How the government plan to secretly strip people of their citizenship
The government is seeking to acquire the power to secretly strip someone of their citizenship.
The Nationality and Borders Bill contains many dangerous and divisive provisions. It will damage the UK’s asylum system, hinder people from seeking asylum from torture and terror, and harm the victims of people smugglers, human traffickers and a host of other abusers.
But recently a new power that will permit the Home Secretary to secretly strip someone of their British citizenship was proposed.
This is a sinister power. It is also one that hugely disproportionately affects black and brown British people.
Stripping someone of their citizenship is extreme. Yet powers to do this have been extended over the last two decades and the number of people who have had their citizenship taken from them has grown.
The injustice of this is heightened by the fact that the power does not apply equally to all citizens. The result is creating tiered levels of citizenship and increasing fear amongst racialised communities in the UK.
Opposition to the new power
There has been widespread objection to the new power. A petition on the Parliament website has attracted well over 250,000 signatures in less than a fortnight.
This means Parliament will have to consider debating it at a time when the Bill itself is being considered in the House of Lords.
The more signatures that are added, the greater the chance the Bill will be debated and more importantly, the greater the chance of having the new power removed. The more this grows, the more confident the opposition in Parliament will become in their objections and the more Ministers will feel under pressure to remove it.

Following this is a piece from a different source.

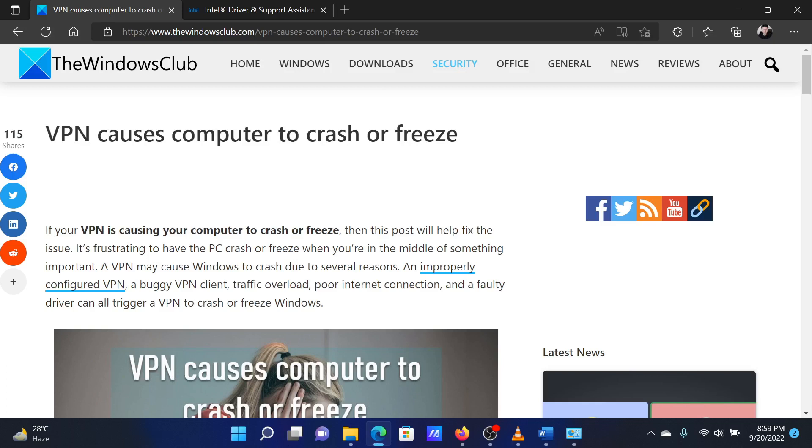Lastly, you can consider reinstalling the VPN client from the manufacturer's website.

But…removing this new power is not enough
Stripping citizenship should never be done in secret. But even if the power to do that is removed, the Home Secretary still has the power to strip citizenship when she says it is in the ‘public good’ to do so. In some circumstances, these powers can even mean that a person is left stateless.
The power to strip citizenship will, therefore, continue to be damaging, divisive and unjust – both because the Home Secretary is given such wide discretion to exercise it and because it is applies so disproportionately to distinct racial and religious groups.
Racism in British nationality laws
However, the injustice and divisiveness of British nationality law – particularly how it is applied by the Home Office – goes very much further than citizenship stripping.
Dozens of people have been stripped of British citizenship. But many thousands more people are deprived of British citizenship by the Home Office simply refusing to recognise and register their right to it.
The many ways by which this is done also disproportionately affect black and brown British people – such as thousands of children, born in the UK, who grow up here entitled to citizenship but required to formally register their right to it.
An administrative fee of £35 for registration in 1983 has since been raised to a fee of over £1,000 – only £372 of which is said to be what it costs the Home Office to process someone’s registration. The remainder is profit to the department. This is a significant financial barrier to many.
Since 2006, the Home Office has also applied a requirement that children as young as 10, who wish to exercise their right to citizenship, must show themselves to be ‘good’.
An insult to all British people and their citizenship
If our Government continues down this dangerous path, there will inevitably be disastrous consequences, especially for racialised people.
We must do all we can to remove this provision from the Bill.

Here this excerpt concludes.